Os partidos de hoje não são mais o que foram. Alguns deles nunca chegaram, sejamos honestos, sequer a ser. As responsabilidades já não são mais assumidas. São atiradas como se a política e a vida dos portugueses fossem um gigante campo de ténis. Não há responsabilidades no BANIF, no Novo Banco, na Caixa Geral de Depósitos. Isso já todos nos esquecemos. Os partidos deixaram de ser, em muitos casos, um garante de resolução dos problemas do país. São um garante de travestismo e passa culpas. Um travestismo que varia conforme a cor política que governa. E nem aqueles que, como o BE e PCP, aos olhos dos mais distraídos, se diziam inquebráveis nos valores éticos que devem orientar quem se dedica à causa pública, escapam.

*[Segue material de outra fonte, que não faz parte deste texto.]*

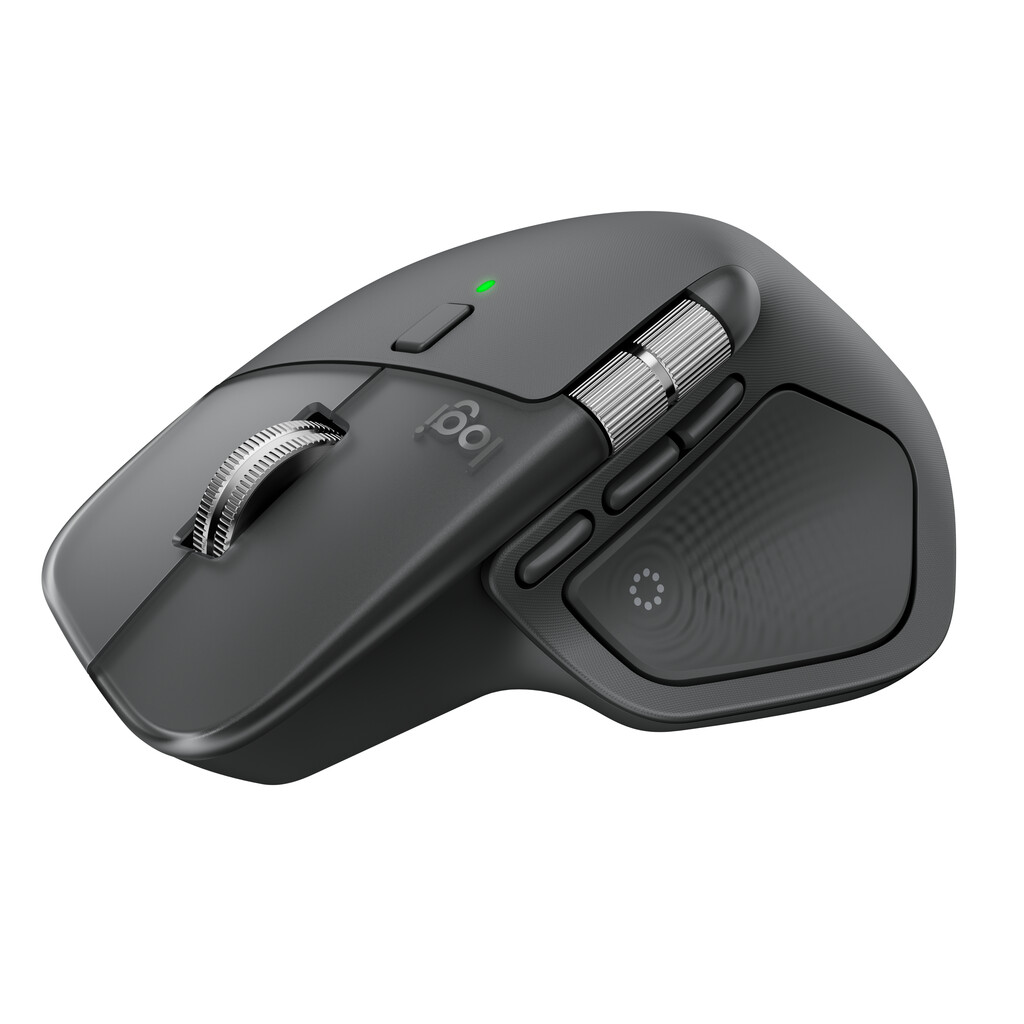 Logitech MX Master 4 muis Kantoor Rechtshandig RF-draadloos + Bluetooth Laser 8000 DPI - Afbeelding 2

A esses, que afirmavam ter uma coluna inquebrável, bastou o espirro de alguns votos de protesto, para sabermos que a coluna inquebrável de outrora era afinal a coluna de borracha de hoje. Quem não sabe manter a coluna firme em nome do país, não pode estar a defender os interesses deste. Custa muito ter uma coluna, mas custa bem mais ao país quando a vergamos. Galp? Não é mais motivo de ira. Despedimentos da Caixa Geral de Depósitos? Estão a ver o que podem fazer. Contratos precários de trabalho no Estado? É o que se arranja, dizem. Imaginam agora o travestismo ou o descaramento que usariam caso fosse a chamada direita a fazê-lo ou a anunciá-lo?

A direita? Bem, essa anda mais torta do que direita. O seu serviço ao país limita-se, neste momento, a esperar que sobre o país caía tamanha desgraça que os leve ao poder de novo. Sim, como se o país fosse um jogo eletrónico que depois do game over se pudesse fazer start. Trabalhar para soluções? Trabalhar para entendimentos? Sim, porque um país não se governa com amuos de quem erradamente não previu o que poderia resultar das últimas legislativas.  Com que cara se pertentem apresentar como alternativa? Alternativa à hipotética desgraça que não ajudaram a evitar?

Podia continuar a exemplificar o travestismo partidário, mas todos, mais ou menos, conhecemos os casos. O pior é que somos todos nós que somos os patrocinadores desta vergonha. A vergonha de termos políticos a governar o país que precisam, imagine-se só, de um Código de Conduta! Agora imaginem os mesmos casos num país onde a vergonha e a falta de decência não sejam tidos como normais.

Aceitamos com a leveza de uma pena, que nos digam de caras que é preciso mentir para ganhar eleições, mas ficamos indignados quando as promessas eleitorais não são cumpridas. Ficamos indignados uma e outra vez e esquecemo-nos de todas as indignações tão rápido quanto o tempo de chegar outra para acarinharmos. A indignação normaliza-se, é aceite, é inata, no nosso ponto de vista, ao estado de coisas a que chegamos. Pior, aceitamos a mediocridade para o nosso país. Normaliza-se a mediocridade.

Aceitamos com a superioridade moral só ao alcance dos europeus, uma invasão a um país soberano com base numa mentira. Mentira essa que matou mais de 700 mil civis. Sim, 700 mil inocentes vítimas de uma mentira. Aceitamos o tráfico de armas, vemo-lo como normal, mas depois batemos com a mão no peito quando essas armas são apontadas contra nós. Tragédia, gritam. Será que na nossa superioridade moral uma vida fora da Europa é menos valiosa? Ficamos horrorizados com as atrocidades nazis, mas aceitamos com uma leveza assustadora a existência do comunismo. De que vive esse horror e leveza? Da ignorância?

Teimamos em não exigir. Normalizamos a mediocridade, a falta de vergonha, o descaramento e empurramos as responsabilidades para quem as toma como suas. Somos todos responsáveis. Perdemos a noção de valor comum, de Pátria. Hoje, estamos a construir um país doutrinado, mas laico, dizem. Laico religiosamente, mas doutrinado partidariamente. Ora, a democracia não se compadece com doutrinas destas. A democracia compadece-se com liberdade de pensamento, com choque e não com acenos de cabeça pensados ao pormenor e balanço do último degrau das escadas.

A democracia mora no pensamento de cada um de nós e na nossa visão do mundo. Pode haver quem nos tente guiar o pensamento, mas ao deixarmos seremos os primeiros responsáveis pela perda da nossa liberdade.